Subject: Re: [boost] Some statistics about the C++ 11/14 mandatoryBoost libraries
From: Peter Dimov (lists_at_[hidden])
Date: 2015-05-18 13:36:55
Paul A. Bristow wrote:
> > It feels like either of us is living in a parallel universe, really.
> +1 - and I'm not in the Douglas one either :-(
> Compiler and language changes are continuous, not strictly quantizable,
> and so Boost must continue to track changes as is has from the start. C++
> 11/14 will be followed by C++17 and C++2z ...
The defining characteristic of the Douglas universe is that the standard
library now contains the many essential components (tuple, shared_ptr,
function, bind, type traits, threads, atomics, and so on) that were
previously only supplied by Boost.
In the pre-Douglas universe, you (the library author) had to rely on their
Boost implementation, which coupled you to other Boost components, sometimes
to their specific versions.
In the Douglas universe, you can use the standard library for all that,
allowing your library to be independent of the rest of Boost.

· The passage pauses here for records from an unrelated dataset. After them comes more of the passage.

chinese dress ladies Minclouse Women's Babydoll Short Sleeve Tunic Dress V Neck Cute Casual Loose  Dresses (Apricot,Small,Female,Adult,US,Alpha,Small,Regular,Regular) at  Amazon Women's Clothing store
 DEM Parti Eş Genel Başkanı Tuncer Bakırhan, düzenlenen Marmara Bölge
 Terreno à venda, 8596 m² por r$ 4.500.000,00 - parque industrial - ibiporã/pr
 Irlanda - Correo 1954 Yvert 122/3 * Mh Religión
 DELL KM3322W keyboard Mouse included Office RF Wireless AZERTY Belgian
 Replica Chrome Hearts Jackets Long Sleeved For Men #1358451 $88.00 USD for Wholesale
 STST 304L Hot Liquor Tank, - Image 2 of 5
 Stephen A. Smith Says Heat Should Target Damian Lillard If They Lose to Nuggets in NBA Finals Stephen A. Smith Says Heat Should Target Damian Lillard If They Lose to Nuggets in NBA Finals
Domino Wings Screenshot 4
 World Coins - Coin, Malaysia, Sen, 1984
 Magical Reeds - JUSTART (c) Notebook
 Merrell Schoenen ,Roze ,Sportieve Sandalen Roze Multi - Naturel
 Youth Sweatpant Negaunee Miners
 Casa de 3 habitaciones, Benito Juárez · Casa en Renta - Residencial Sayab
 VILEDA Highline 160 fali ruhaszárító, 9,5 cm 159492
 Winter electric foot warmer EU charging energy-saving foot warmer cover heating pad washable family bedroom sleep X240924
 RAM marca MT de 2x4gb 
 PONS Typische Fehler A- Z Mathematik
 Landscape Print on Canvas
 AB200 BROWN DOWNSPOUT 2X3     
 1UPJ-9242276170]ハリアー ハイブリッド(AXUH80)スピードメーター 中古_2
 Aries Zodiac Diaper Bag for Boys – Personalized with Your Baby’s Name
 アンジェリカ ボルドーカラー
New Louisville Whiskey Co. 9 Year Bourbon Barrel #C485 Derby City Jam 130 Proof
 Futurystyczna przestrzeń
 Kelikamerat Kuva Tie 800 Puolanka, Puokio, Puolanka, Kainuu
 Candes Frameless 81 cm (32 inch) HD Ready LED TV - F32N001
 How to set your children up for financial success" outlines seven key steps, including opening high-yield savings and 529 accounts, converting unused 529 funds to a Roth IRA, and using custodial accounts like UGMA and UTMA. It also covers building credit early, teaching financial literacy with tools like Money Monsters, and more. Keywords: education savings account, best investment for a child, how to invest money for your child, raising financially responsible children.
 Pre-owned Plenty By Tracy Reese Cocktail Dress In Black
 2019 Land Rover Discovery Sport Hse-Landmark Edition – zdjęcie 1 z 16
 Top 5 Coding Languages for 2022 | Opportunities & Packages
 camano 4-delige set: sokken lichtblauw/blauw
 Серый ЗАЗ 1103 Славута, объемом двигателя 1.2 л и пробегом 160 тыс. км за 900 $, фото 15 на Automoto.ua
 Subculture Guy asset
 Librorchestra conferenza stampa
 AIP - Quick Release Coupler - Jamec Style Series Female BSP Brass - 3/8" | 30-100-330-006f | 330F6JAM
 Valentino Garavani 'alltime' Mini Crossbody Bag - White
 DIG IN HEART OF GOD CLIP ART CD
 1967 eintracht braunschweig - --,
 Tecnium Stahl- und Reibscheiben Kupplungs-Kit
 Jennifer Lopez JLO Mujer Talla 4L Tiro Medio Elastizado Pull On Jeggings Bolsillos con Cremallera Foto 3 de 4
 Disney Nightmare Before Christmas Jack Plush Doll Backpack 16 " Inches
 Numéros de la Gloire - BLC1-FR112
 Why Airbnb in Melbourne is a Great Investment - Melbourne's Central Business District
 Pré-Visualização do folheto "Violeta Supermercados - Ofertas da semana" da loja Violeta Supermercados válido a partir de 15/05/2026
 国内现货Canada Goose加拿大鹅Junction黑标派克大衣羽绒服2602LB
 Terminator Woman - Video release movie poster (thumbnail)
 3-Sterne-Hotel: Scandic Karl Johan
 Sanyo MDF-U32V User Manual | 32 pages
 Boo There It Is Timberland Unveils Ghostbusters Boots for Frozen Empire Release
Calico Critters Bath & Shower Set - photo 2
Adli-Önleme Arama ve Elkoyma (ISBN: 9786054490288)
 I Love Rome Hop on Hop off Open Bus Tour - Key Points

Even if you use, say, boost::shared_ptr on C++03 compilers, since your
library uses the interface of std::shared_ptr on C++11, this is a certain
guarantee that it does not depend on anything specific to a particular
version of boost::shared_ptr. As long as boost::shared_ptr is standard
conforming, any version ought to do and upgrading boost::shared_ptr ought to
not break things.
Hence the idea that libraries can follow their own release schedules.